Israël avance ses pions sur le plateau du Golan. Depuis la chute du régime de Bachar al-Assad en décembre 2024, l'armée israélienne a renforcé sa présence dans la zone tampon, multipliant les incursions et provoquant la colère des habitants. Démolitions de maisons, accès restreint aux terres agricoles: les tensions sont croissantes.
Pourtant, les soldats avaient assuré que leur présence serait temporaire. Leurs objectifs annoncés étaient de saisir des armes et sécuriser la zone après l'effondrement du régime d'Assad. Mais des indices laissent penser que l'Etat hébreux ne compte pas quitter de si vite la Syrie. «Ils construisent des bases militaires. Comment cela peut-il être temporaire?», s'étonne dans les colonnes du «Washington Post» dimanche 2 février, le maire de Jubata al-Khashab, un village de la province de Qouneitra se trouvant dans la zone de séparation, administré par la Syrie.
Face à cette situation explosive, le nouveau gouvernement syrien reste étrangement silencieux. Celui-ci préfère se concentrer sur sa reconstruction plutôt que d'affronter son voisin.
Des bases militaires en Syrie
Les troupes vont et viennent dans cette zone tampon de 230 km2, censée être démilitarisée depuis le cessez-le-feu entre Israël et la Syrie signé en 1974. Les chars et les soldats ont franchi la ligne Alpha qui sépare le plateau du Golan contrôlé par Israël de la Syrie. Après la chute de Bachar Al-Assad, l'Etat hébreux a déclaré considérer cet accord comme caduc, avançant de plusieurs kilomètres, allant même jusqu'en Syrie, assure des responsables locaux.
Deux nouveaux sites de construction, située dans le territoire qui était jusqu'à peu contrôlés par la Syrie, semblent être des bases d'observation israélienne. Un troisième serait en cours de construction, selon des images satellites analysées par le «Washington Post».

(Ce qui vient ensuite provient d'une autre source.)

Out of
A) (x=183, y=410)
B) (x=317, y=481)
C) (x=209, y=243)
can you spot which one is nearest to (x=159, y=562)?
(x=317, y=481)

Interrogé à ce sujet par la BBC, l'armée israélienne s'est défendue en expliquant que les forces opéraient à cet endroit «pour protéger les habitants du nord d'Israël». Le Premier ministre israélien Benjamin Netanyahu a affirmé que le déploiement des troupes resterait indéfini, justifiant cette décision par des impératifs de sécurité.
«Une violation contre le peuple syrien»
Murhaf Abu Qasra, ministre syrien de la Défense n'est pas du même avis: «Cette incursion est injustifiée». «C'est une violation contre le peuple syrien», ajoute-t-il. Pour le ministre, les positions précédentes permettaient à Israël de défendre ses frontières.
Pour construire leur base militaire près de Jubata al-Khashab, les forces israéliennes auraient rasé une partie de la faune locale, dont une zone protégée. De plus, les habitants de la région dénoncent l'installation de points de contrôle, la fermeture de routes, la réalisation de raids sur des maisons, les déplacements forcés ainsi que des tirs sur des manifestants.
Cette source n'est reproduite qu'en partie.